- **Problem statement**: Because the copy must hold no pictures, return the data below with all of its words intact.

- **Data for analysis**:
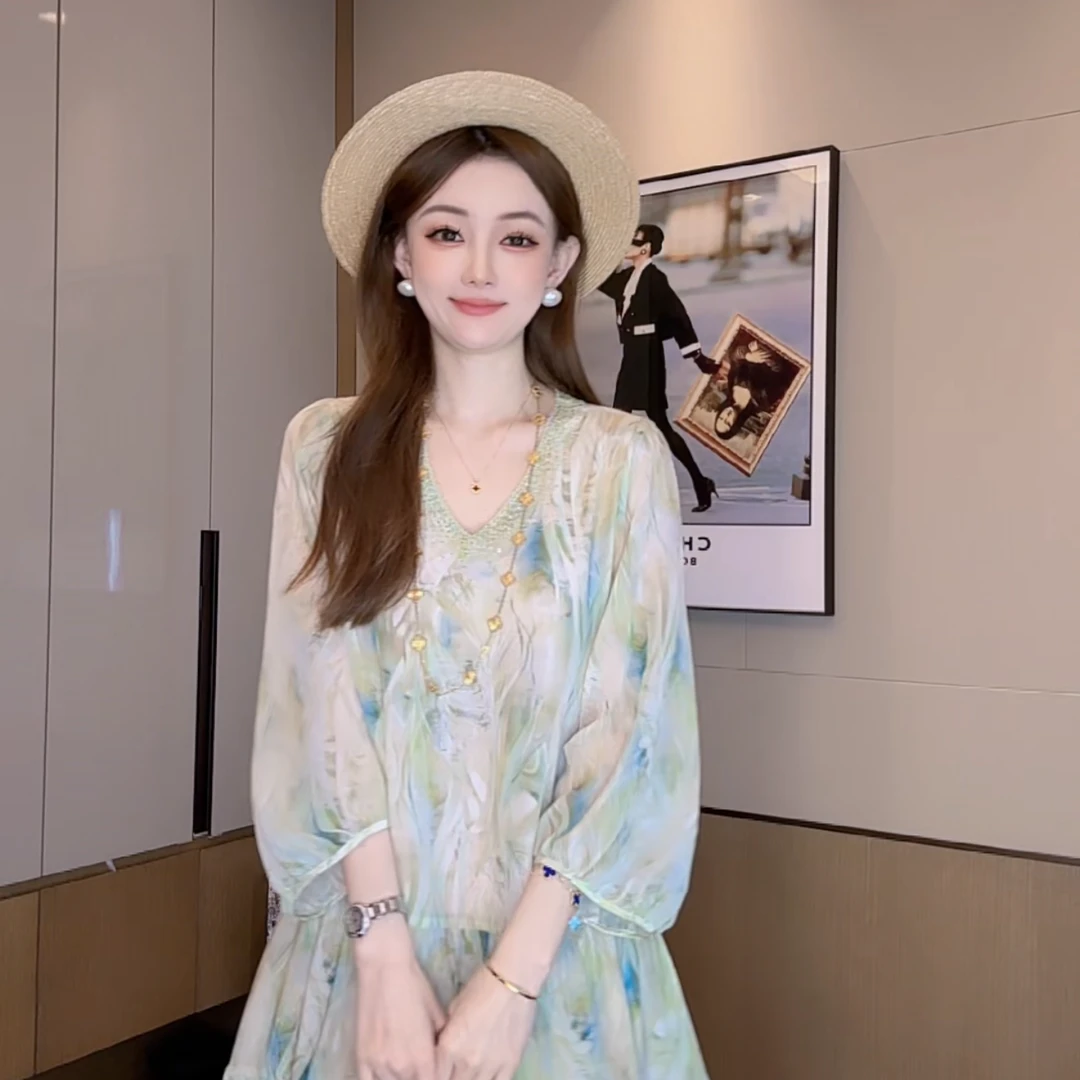 【丝芙玉禄】【S352】100%真丝气质印花重工烫钻桑蚕丝女装连衣裙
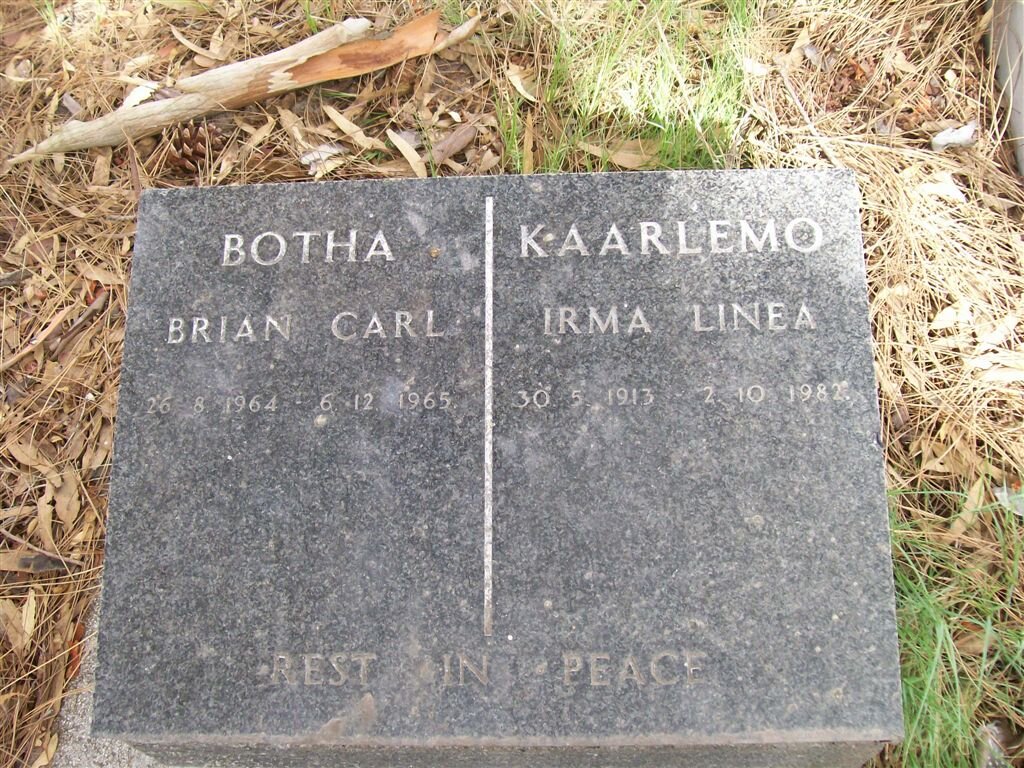 KAARLEMO Irma Linea 1913-1982 ::  BOTHA Brian Carl 1964-1965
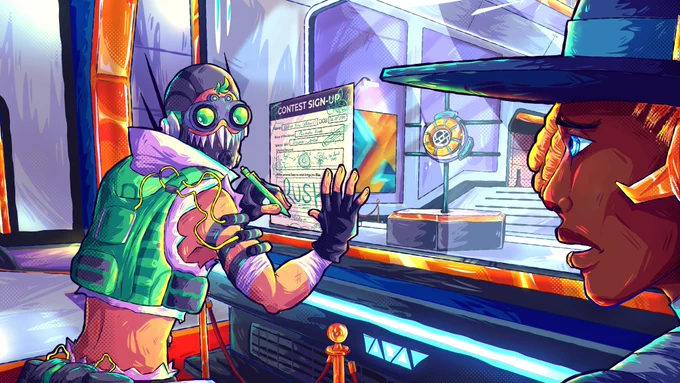 Octane is filling out an entry form for the contest, with many Octane-style over-the-top scribbles, in the Apex Museum. He is leaning the paper up against the glass case where the Time Gauntlet is being held since this is the prize he and Horizon are competing for. Seer is there with him, looking confused and exasperated. 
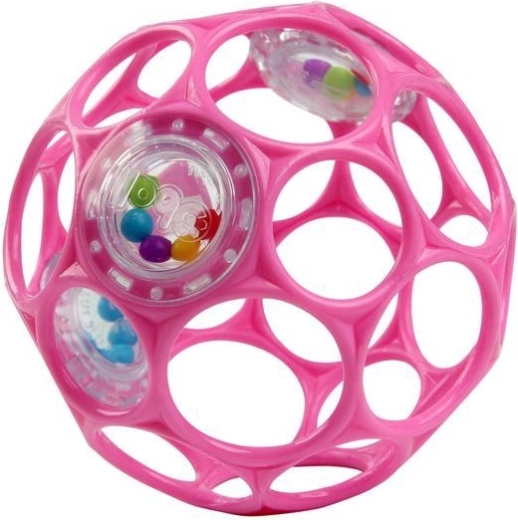 Balle hochet Oball 10 cm rose foncé
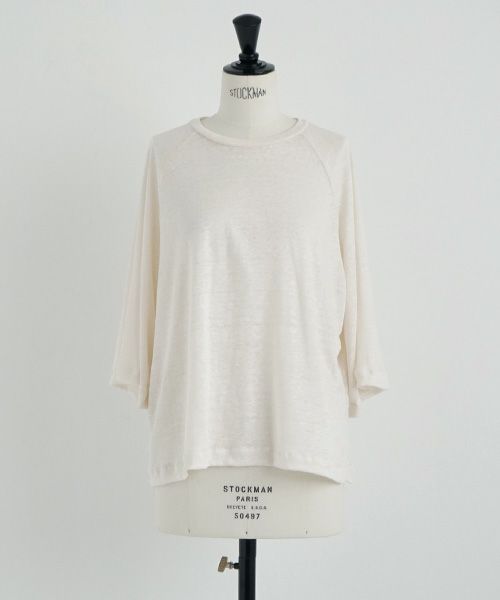 Mochi.モチ.raglan sleeve linen t-shirt [off white]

- **Output of the task**:
 【丝芙玉禄】【S352】100%真丝气质印花重工烫钻桑蚕丝女装连衣裙
 KAARLEMO Irma Linea 1913-1982 ::  BOTHA Brian Carl 1964-1965
 Octane is filling out an entry form for the contest, with many Octane-style over-the-top scribbles, in the Apex Museum. He is leaning the paper up against the glass case where the Time Gauntlet is being held since this is the prize he and Horizon are competing for. Seer is there with him, looking confused and exasperated. 
 Balle hochet Oball 10 cm rose foncé
 Mochi.モチ.raglan sleeve linen t-shirt [off white]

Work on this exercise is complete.